Start of Block
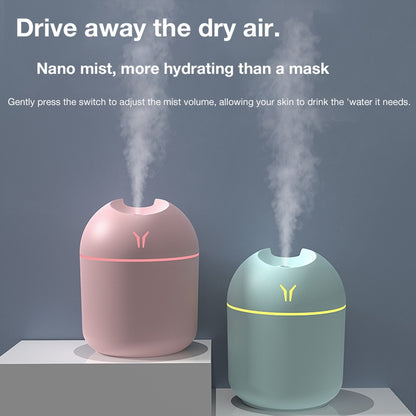 New Mini Silent Humidifier, Lucky Clover USB Desktop Spray Humidifier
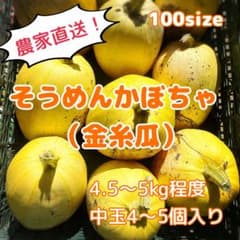 そうめんかぼちゃ（金糸瓜） 4.5kg〜5kgのサムネイル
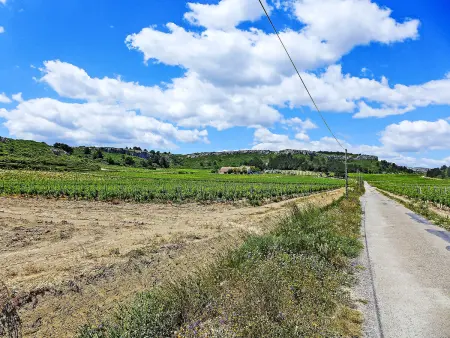 Le Chais - Gîte 4 pers. sur domaine viticole - Photo 31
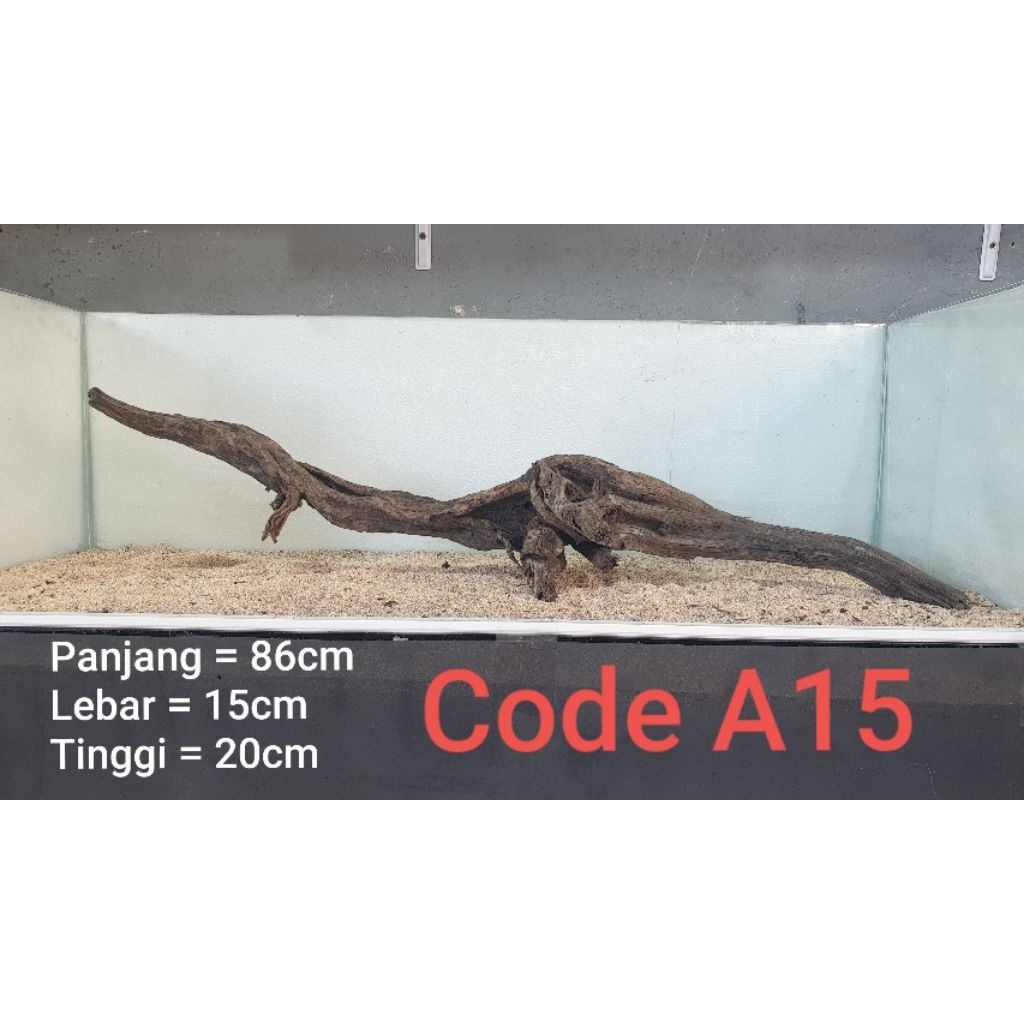 kayu santigi aquascape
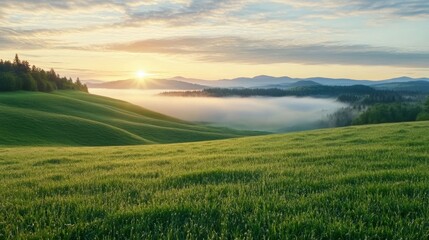 Fototapeta premium Serene Sunrise Over Misty Hills and Lush Green Fields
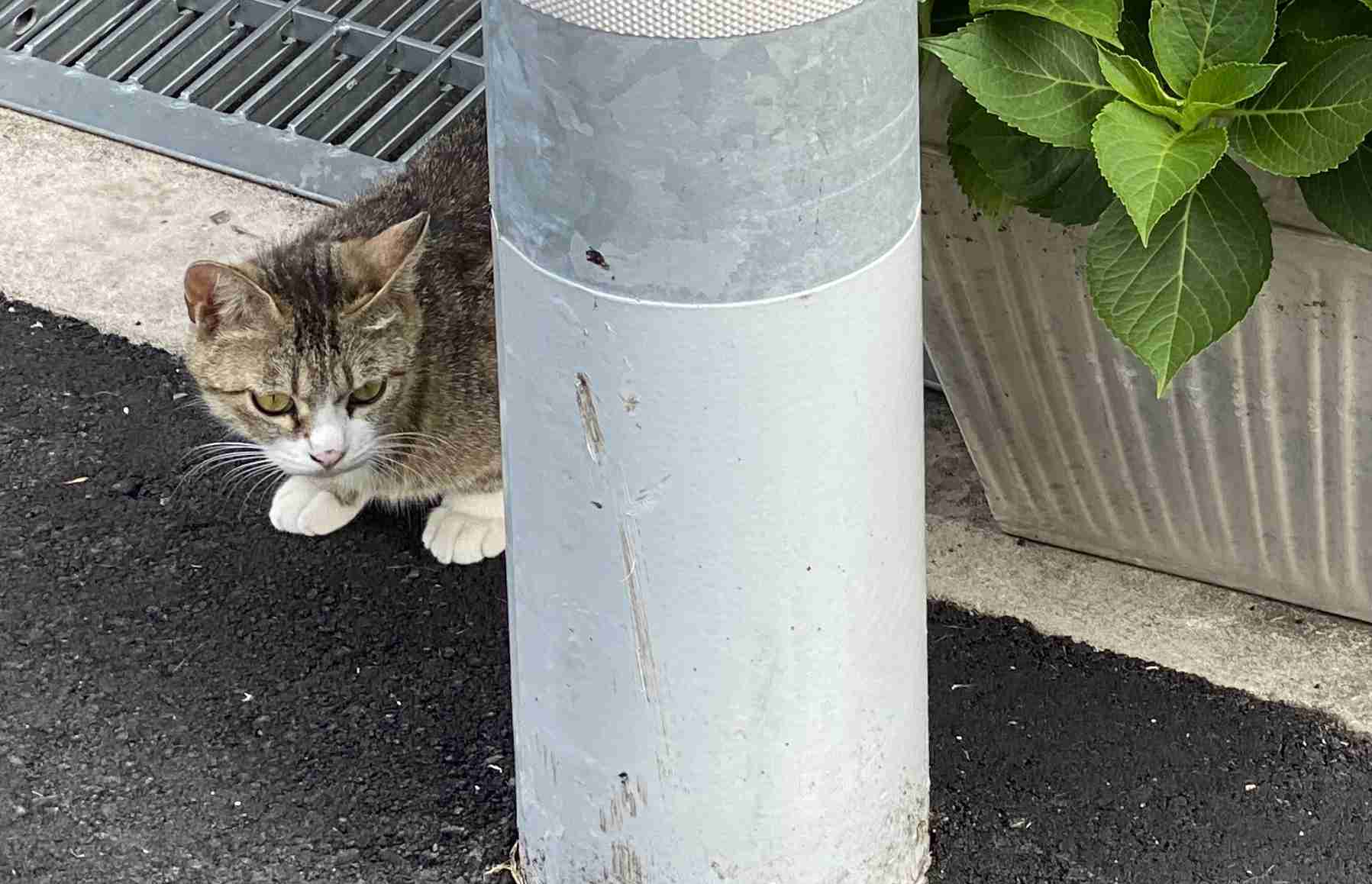 がるちゃん猫カフェ52号店 開店しました♪（初めての方も大歓迎!!）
End of Block
**EXERCISE DIRECTIONS**.
Output only these lines, word for word: the line containing "Le Chais - Gîte" and every line after it through the last line of the data. Omit the pictures.

**THE COMPLETED TASK**.
 Le Chais - Gîte 4 pers. sur domaine viticole - Photo 31
 kayu santigi aquascape
 Fototapeta premium Serene Sunrise Over Misty Hills and Lush Green Fields
 がるちゃん猫カフェ52号店 開店しました♪（初めての方も大歓迎!!）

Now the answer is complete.